Manulife Financial Corporation announces increase to Preferred Share issue
TSX/NYSE/PSE: MFC SEHK:945
C$ unless otherwise stated
TORONTO, Aug. 11, 2014 /CNW/ - Manulife Financial Corporation ("Manulife") today announced that as a result of strong investor demand for its previously announced Canadian public offering of Non-cumulative Rate Reset Class 1 Shares Series 17 ("Series 17 Preferred Shares"), the size of the offering has been increased to 14 million shares. The gross proceeds of the offering will now be $350 million. The offering will be underwritten by a syndicate of investment dealers co-led by Scotia Capital Inc., RBC Capital Markets and TD Securities and is anticipated to qualify as Tier 1 capital for Manulife. The expected closing date for the offering is August 15, 2014. Manulife intends to file a prospectus supplement to its June 23, 2014 base shelf prospectus in respect of this issue.
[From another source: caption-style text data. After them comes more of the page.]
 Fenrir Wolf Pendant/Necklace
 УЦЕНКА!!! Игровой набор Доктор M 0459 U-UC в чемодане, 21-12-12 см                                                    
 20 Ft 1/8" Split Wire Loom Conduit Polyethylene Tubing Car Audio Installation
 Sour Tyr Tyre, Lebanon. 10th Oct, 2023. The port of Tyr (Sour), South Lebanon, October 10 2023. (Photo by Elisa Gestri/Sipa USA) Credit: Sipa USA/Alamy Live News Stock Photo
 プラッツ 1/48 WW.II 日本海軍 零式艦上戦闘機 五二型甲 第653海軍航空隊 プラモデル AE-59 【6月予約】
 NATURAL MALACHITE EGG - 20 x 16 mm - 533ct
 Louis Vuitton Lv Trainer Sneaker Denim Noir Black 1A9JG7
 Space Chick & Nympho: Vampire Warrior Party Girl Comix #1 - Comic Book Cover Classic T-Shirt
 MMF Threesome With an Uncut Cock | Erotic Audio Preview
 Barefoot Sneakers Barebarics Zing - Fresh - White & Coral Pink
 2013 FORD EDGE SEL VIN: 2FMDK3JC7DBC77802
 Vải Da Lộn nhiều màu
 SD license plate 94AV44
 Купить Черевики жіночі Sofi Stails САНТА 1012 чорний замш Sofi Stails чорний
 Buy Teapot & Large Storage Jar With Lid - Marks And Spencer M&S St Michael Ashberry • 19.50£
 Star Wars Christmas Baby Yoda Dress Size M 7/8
Manulife intends to use the net proceeds from the offering to fund the redemption of Manulife's Non-cumulative Rate Reset Class 1 Shares Series 1 (the "Series 1 Preferred Shares") on September 19, 2014.
The Series 17 Preferred Shares have not been and will not be registered in the United States under the United States Securities Act of 1933, as amended (the "Securities Act"), or the securities laws of any state of the United States and may not be offered, sold or delivered, directly or indirectly in the United States or to, or for the account or benefit of, a "U.S. person" (as defined in Regulation S under the Securities Act) absent registration or an applicable exemption from such registration requirements. This press release does not constitute an offer to sell or a solicitation to buy securities in the United States and any public offering of the securities in the United States must be made by means of a prospectus.
Caution regarding forward-looking statements
This document contains forward-looking statements within the meaning of the "safe harbour" provisions of Canadian provincial securities laws and the U.S. Private Securities Litigation Reform Act of 1995 with respect to Manulife's redemption of the Series 1 Preferred Shares. Although we believe that the expectations reflected in such forward-looking statements are reasonable, such statements involve risks and uncertainties, and undue reliance should not be placed on such statements. Certain material factors or assumptions are applied in making forward-looking statements, and actual results may differ materially from those expressed or implied in such statements. Important factors that could cause actual results to differ materially from expectations include but are not limited to general business and economic conditions. Additional information about material factors that could cause actual results to differ materially from expectations may be found in our most recent annual and interim reports and elsewhere in our filings with Canadian and U.S. securities regulators. We do not undertake to update any forward-looking statements except as required by law.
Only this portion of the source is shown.